The results obtained with pyhealth are much lower than in the paper.

sunlabuiuc / PyHealth

A Deep Learning Python Toolkit for Healthcare Applications.

https://pyhealth.readthedocs.io

MIT License

994 stars 212 forks source link

The results obtained with pyhealth are much lower than in the paper. #209

Closed CodeNinjaja closed 1 year ago

CodeNinjaja commented 1 year ago

Thanks for your great job!

But I wonder why the results reported on the PyHealth homepage are much lower than those reported in the paper of SafeDrug. And according to the results reported by PyHealth, GAMENet performs better than Safedrug, which contradicts the paper's results.

Below are the results reported in the SafeDrug paper,

ycq091044 commented 1 year ago

Thanks, we are actively fixing this problem. Will reply to you soon.
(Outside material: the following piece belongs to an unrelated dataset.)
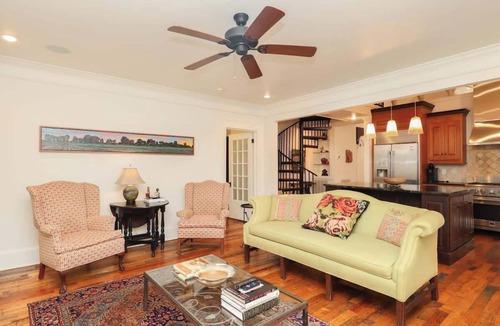 Oxford House | Masterpiece on the Square by Apex Short Term Stays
CodeNinjaja commented 1 year ago

Thanks! Looking forward to your reply.

ycq091044 commented 1 year ago

Hi, these results shown on the webs are old results, which will be updated soon. Could you please run the scripts in example/and obtain your own new results? Here are the performance of GAMENet I obtained by running python examples/drug_recommendation_mimic3_gamenet.py.

{'pr_auc_samples': 0.7071216948197928, 'loss': 0.2621602493930947}

Note that the implementation of AI models or the data preprocessing pipeline might be a bit difference from what was reported in the papers. The reason is that different research paper processes the same data (such as MIMIC-III) differently. To make a fair comparison of all AI models in pyhealth, we standardize the processing pipeline for all models, and thus some model architecture might also have to be changed to fit the new data processing pipeline.

ycq091044 commented 1 year ago

feel free to re-open the issue if you have further questions.

Tyunsen commented 1 year ago

Hello ^ ^, thank you very much for the PyHealth framework's contribution to drug recommendation.

I have a similar situation, that is, the jaccard_samples of my locally run GAMENet model can reach about 0.43, and the pr_auc_samples of my SafeDrug model can also reach about 0.65.

Here is the problem: the jaccard_samples of my local SafeDrug can only reach about 0.33. Theoretically, the jaccard_samples of SafeDrug should be similar to GAMENet. Why is there such a big gap?

Here are the performance of SafeDrug I obtained by running python examples/drug_recommendation_mimic3_safedrug. 2023-09-17 11:10:52 --- Eval epoch-16, step-6035 --- 2023-09-17 11:10:52 jaccard_samples: 0.3246 2023-09-17 11:10:52 loss: 0.3497 2023-09-17 11:10:52 New best jaccard_samples score (0.3246) at epoch-16, step-6035

Looking forward to and thank you for your reply! ^^

ycq091044 commented 1 year ago

Hello @Tyunsen , I find the SafeDrug adaptive loss has issues and already solved it. Please install the new pyhealth version by "git clone" and "pip install ." Thanks!